• _PROMPT_
Exact copy, no pictures: set down the lines from the one holding "3-Light Exquisite Diamond" through the final line of the records below.

• _DATA SHOWN_
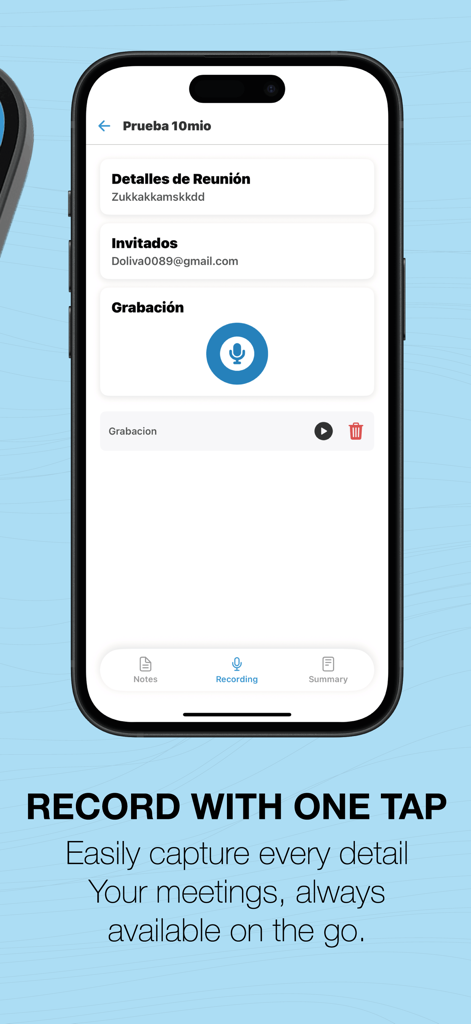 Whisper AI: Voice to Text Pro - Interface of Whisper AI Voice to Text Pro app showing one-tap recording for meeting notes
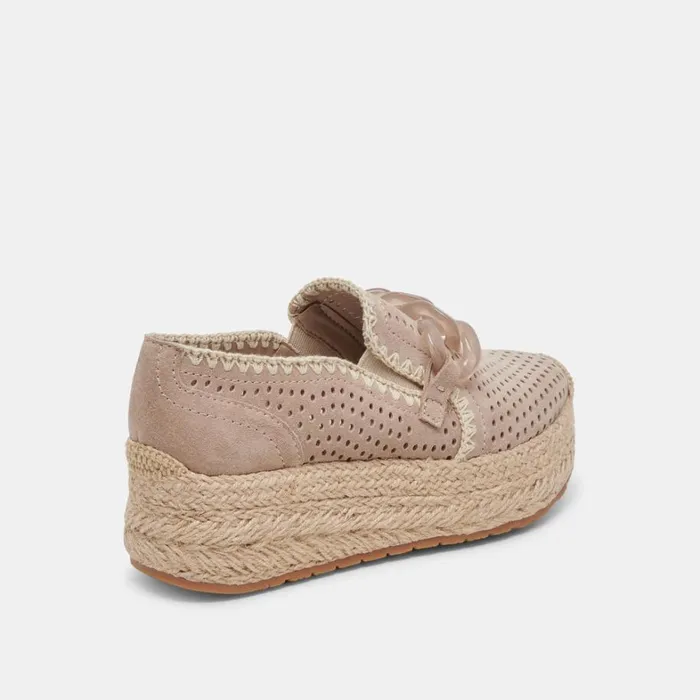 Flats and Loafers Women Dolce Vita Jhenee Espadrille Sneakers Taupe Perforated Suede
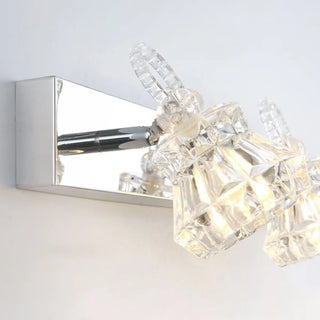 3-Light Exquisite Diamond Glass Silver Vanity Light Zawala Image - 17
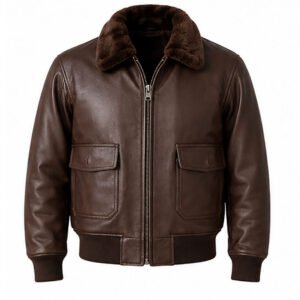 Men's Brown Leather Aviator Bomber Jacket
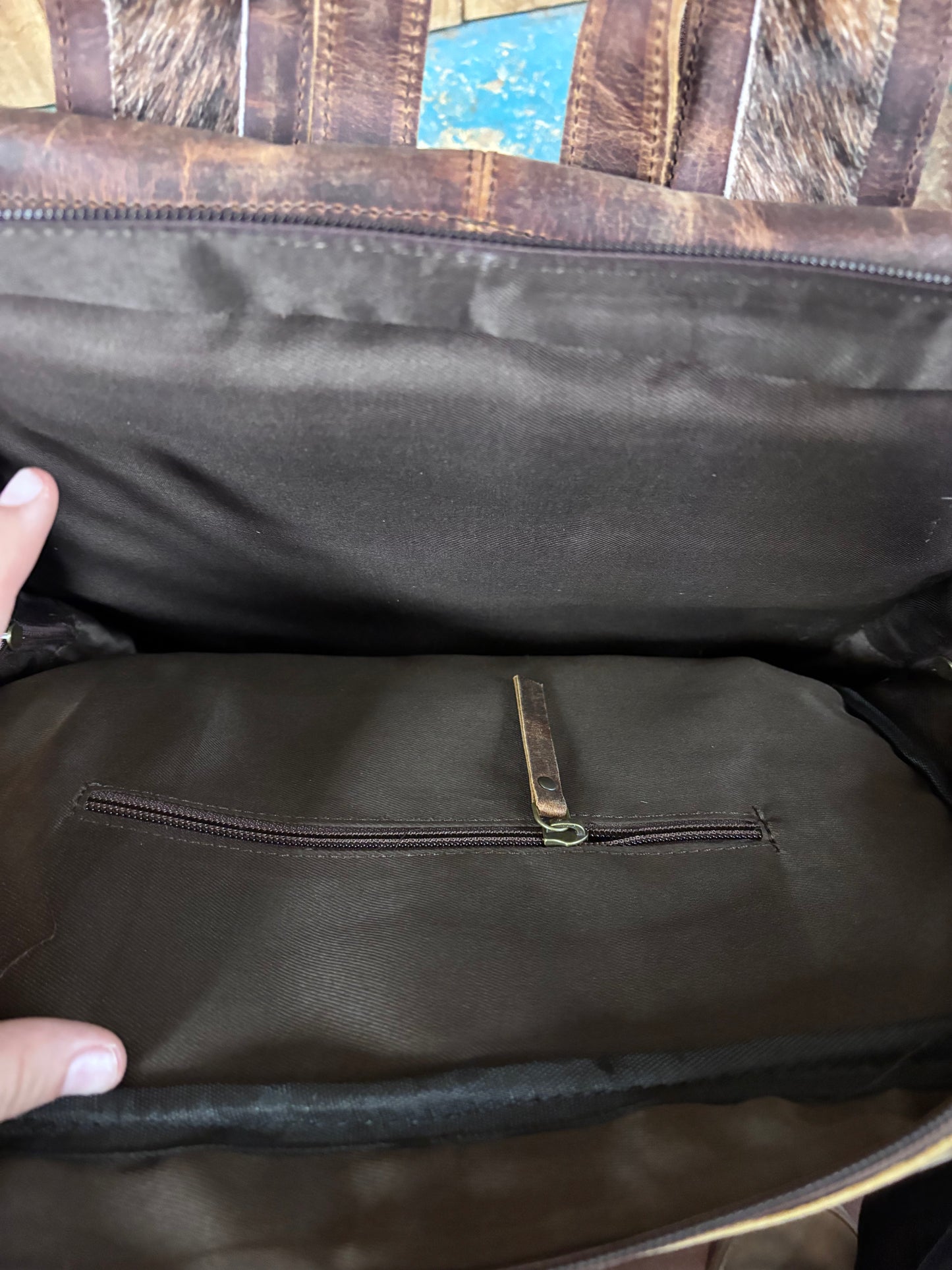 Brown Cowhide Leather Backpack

• _RESULT OF THE EXERCISE_
 3-Light Exquisite Diamond Glass Silver Vanity Light Zawala Image - 17
 Men's Brown Leather Aviator Bomber Jacket
 Brown Cowhide Leather Backpack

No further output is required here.